Prestin is a member of the SLC26A family and acts as a piezoelectric transducer that mediates fast electromotility, i. e. fast voltage-dependent length changes, in mammalian outer hair cells (OHC). In OHCs prestin resides in the lateral cell membrane and is the elementary molecular motor of the cochlear amplifier, but little is known about structural and molecular details of this motor function. Nonmammalian SLC26A5 orthologs show no electromotility but act as a divalent/monovalent anion exchanger. Schaechinger et al. (2007) showed that zebrafish and chicken prestin exchange oxalate and/or sulfate for chloride in a strictly coupled manner with a 1:1 stoichiometry. A chimeric engineered prestin revealed that prestin transports anions by an alternate access cycle followed by an anion-dependent transition generating electromotility. This suggests that the electromechanical process evolved from an ancestral transport mechanism.
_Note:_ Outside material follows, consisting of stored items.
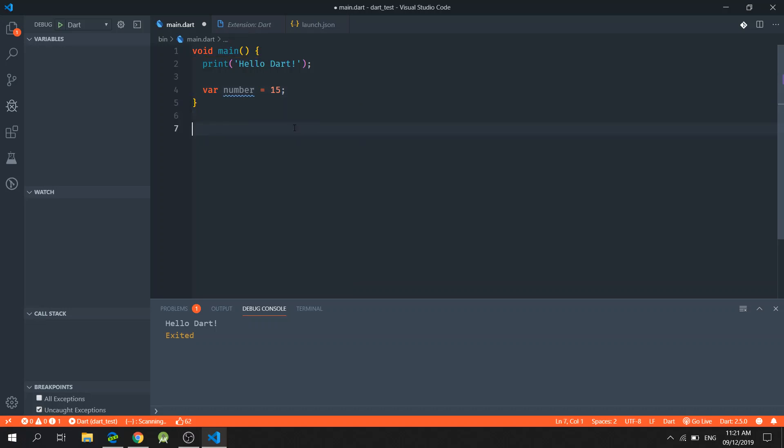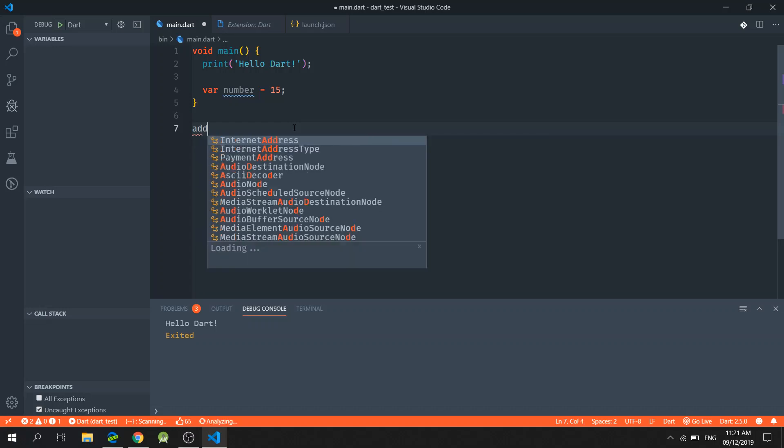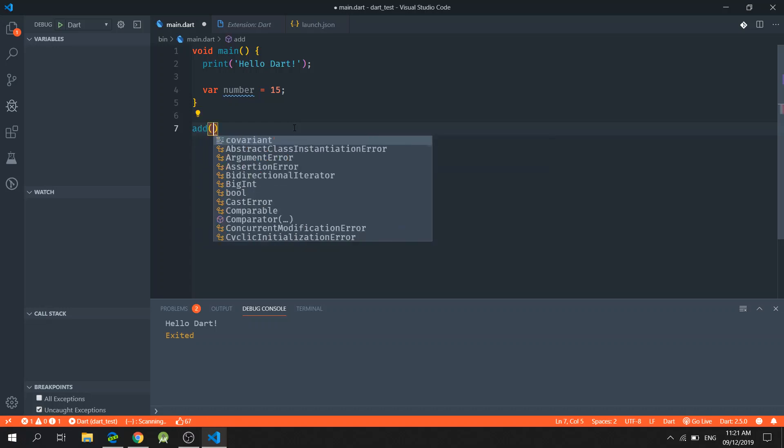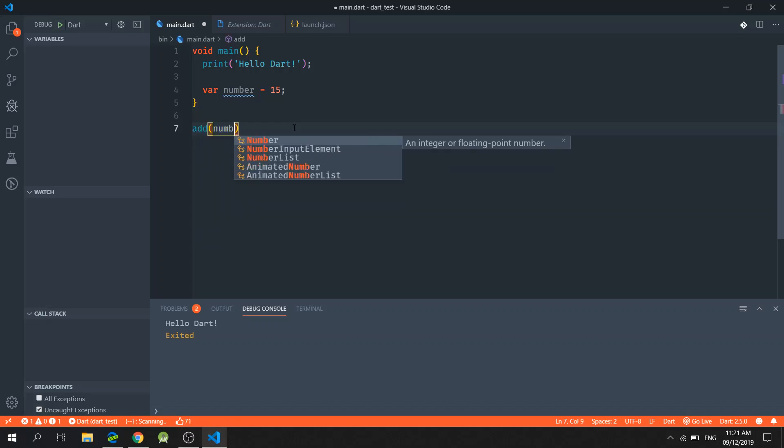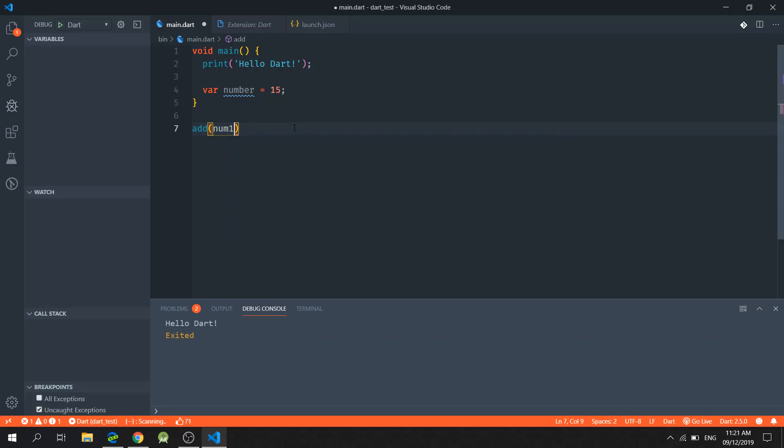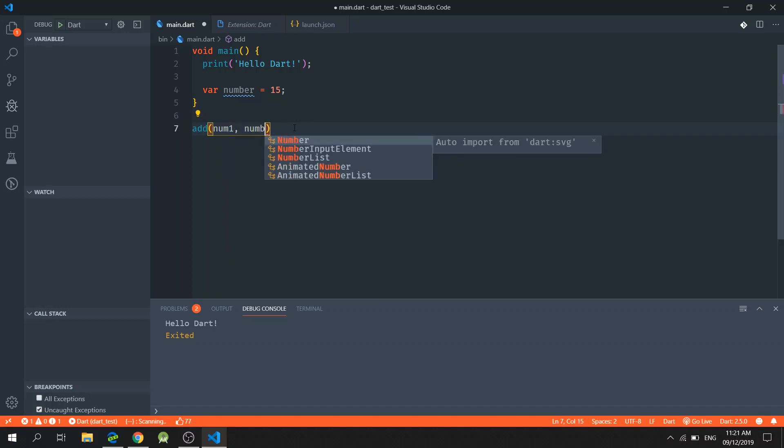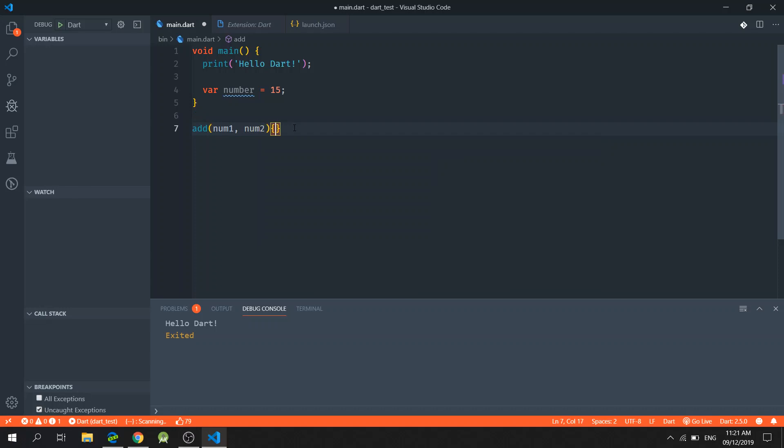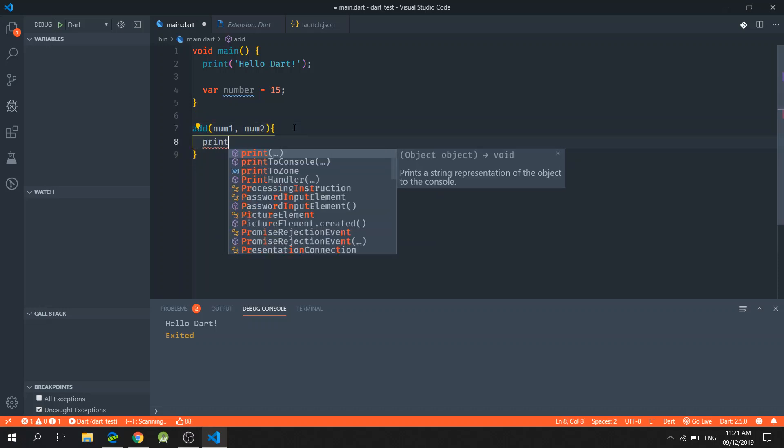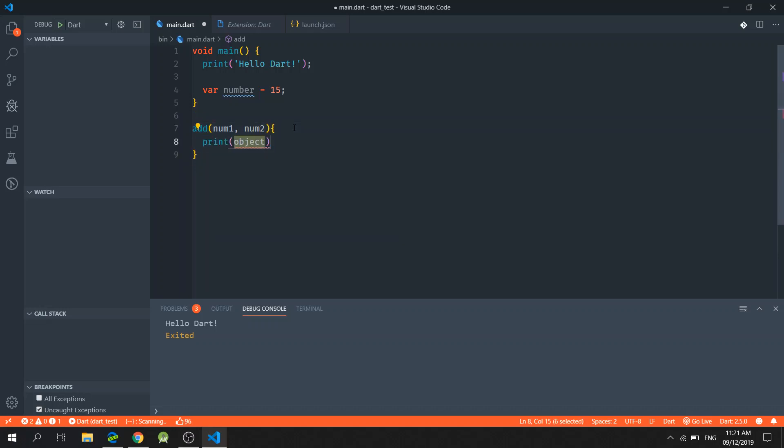And then now I will show you how to create a function. So I will create a function called add which accepts two numbers as an input. I will print the message.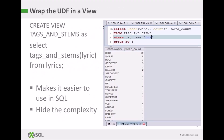I actually create a simple view to wrap around this UDF. I just create a view with a SELECT of tag and stems, which is the UDF with the 'lyric' column as the argument, FROM the lyrics table. All of that does is apply the UDF to every lyric in my lyrics table. This makes it easier to use in SQL and hides some of the complexity.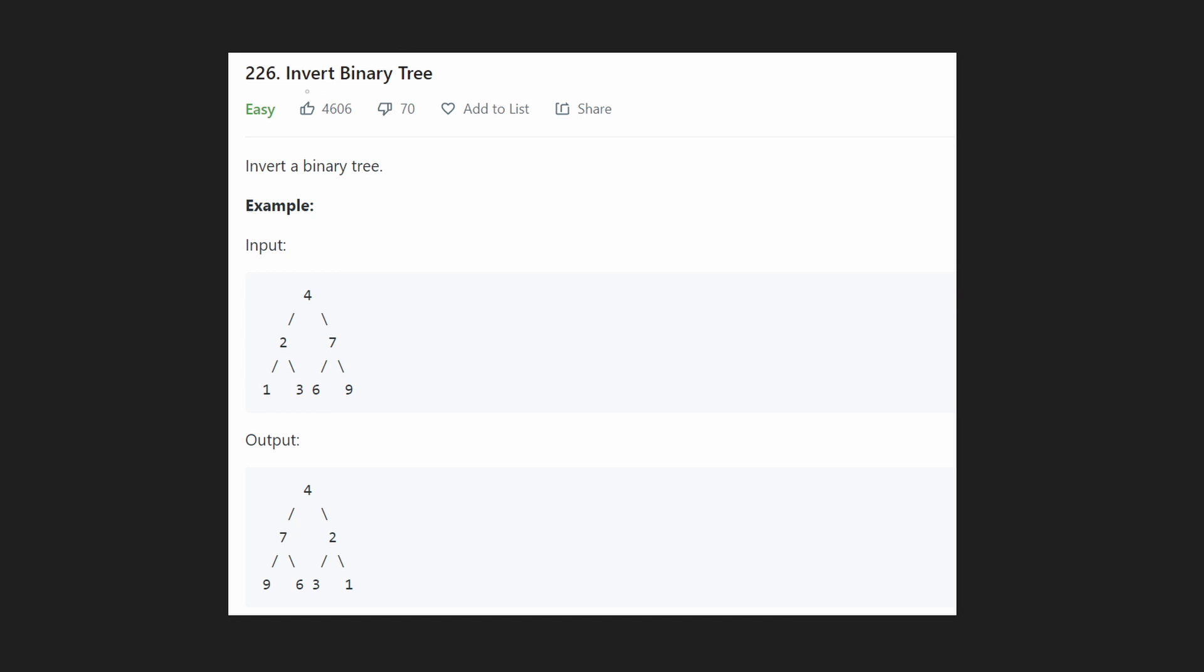Hey everyone, welcome back and let's write some more neat code today. So today let's solve a pretty easy and popular question, invert binary search tree.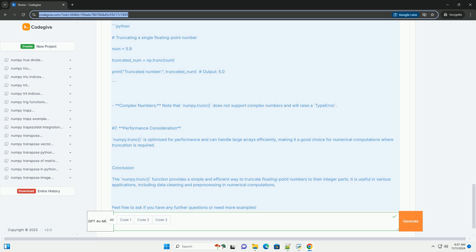Conclusion: The numpy.trunc function provides a simple and efficient way to truncate floating point numbers to their integer parts. It is useful in various applications, including data cleaning and pre-processing in numerical computations. Feel free to ask if you have any further questions or need more examples.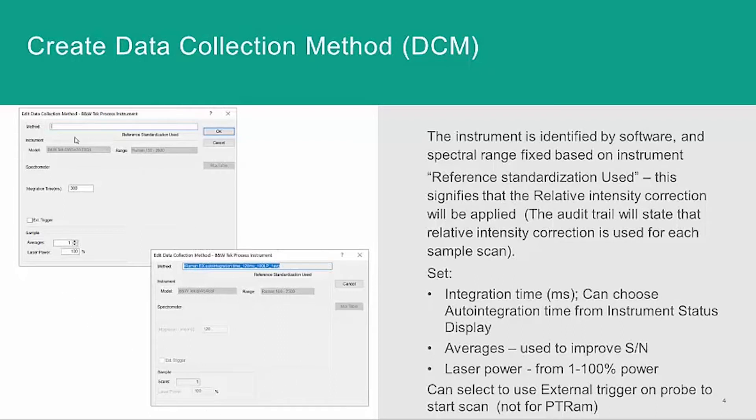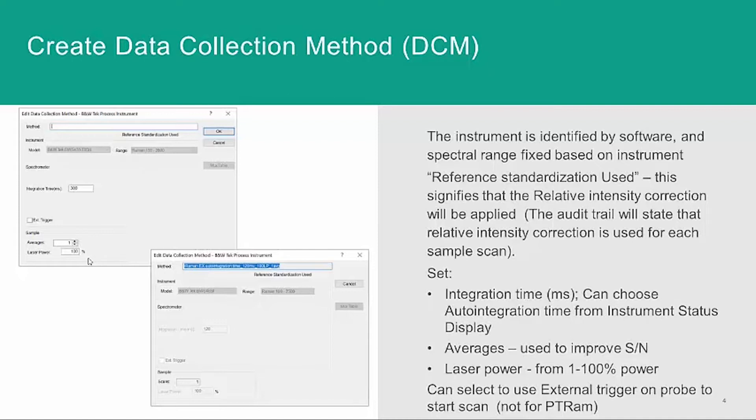But a new DCM does have the ability to change the acquisition parameters of integration time in milliseconds, the number of averages, which can be used to improve the signal-to-noise ratio of your spectra, and the laser's power from 1 to 100%. You also have the option to select an external trigger if that option is available.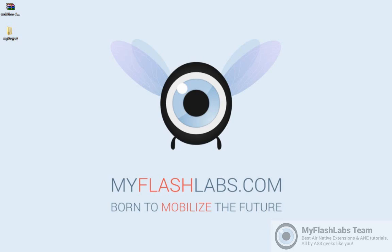Hi, I'm Hadi from myflashlabs.com and this is the third episode from our video tutorials about how to implement our native extensions into your project. In this tutorial, I'm going to show you how you can implement an ANE into your Flash CC IDE. If you are using the latest Adobe Animate CC IDE, you can still go on with this video because the steps you have to take for that IDE are pretty much the same.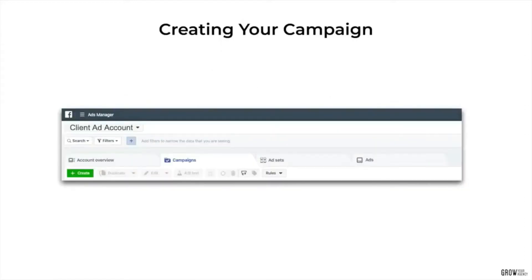To create a campaign, you'll need to go through the Ads Manager section of your Business Manager. I've left a link to this in the description, but you can also access it by clicking on the three lines at the top left-hand corner. Make sure you use the dropdown menu in the top left-hand corner to choose the correct ad account you want to advertise on. Then press the green Create button.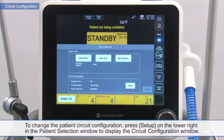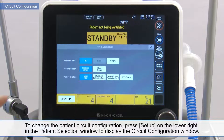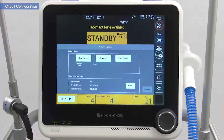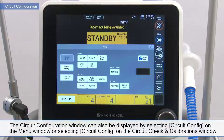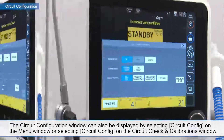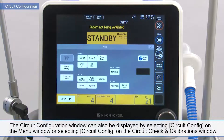To change the patient circuit configuration, press Setup on the lower right of the patient selection window to display the circuit configuration window. The selected items are displayed in light blue. The circuit configuration window can also be displayed by selecting circuit config on the menu window or selecting circuit config on the circuit check and calibrations window.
Using patch clamp recordings from transiently transfected CHO cells, we demonstrate thatCiona intestinalisprestin (CiPres) acts as divalent/monovalent anion exchanger. CiPres exchanged oxalate or sulfate for chloride in an electrogenic manner and this transport was reversibly blocked by salicylate. Furthermore, we identified electrogenic antiport of bicarbonate against oxalate. The mutation of a highly conserved glutamate among the SLC26 family at position 419 in CiPres abolished all modes of coupled transport. Moreover, we demonstrate that CiPres exhibits an uncoupled transport activity for thiocyanate and nitrate. Thus anion transport of non-mammalian prestin closely resembles the transport characteristics of the mammalian anion transporters SLC26A3 and SLC26A6 (Ohana 2011).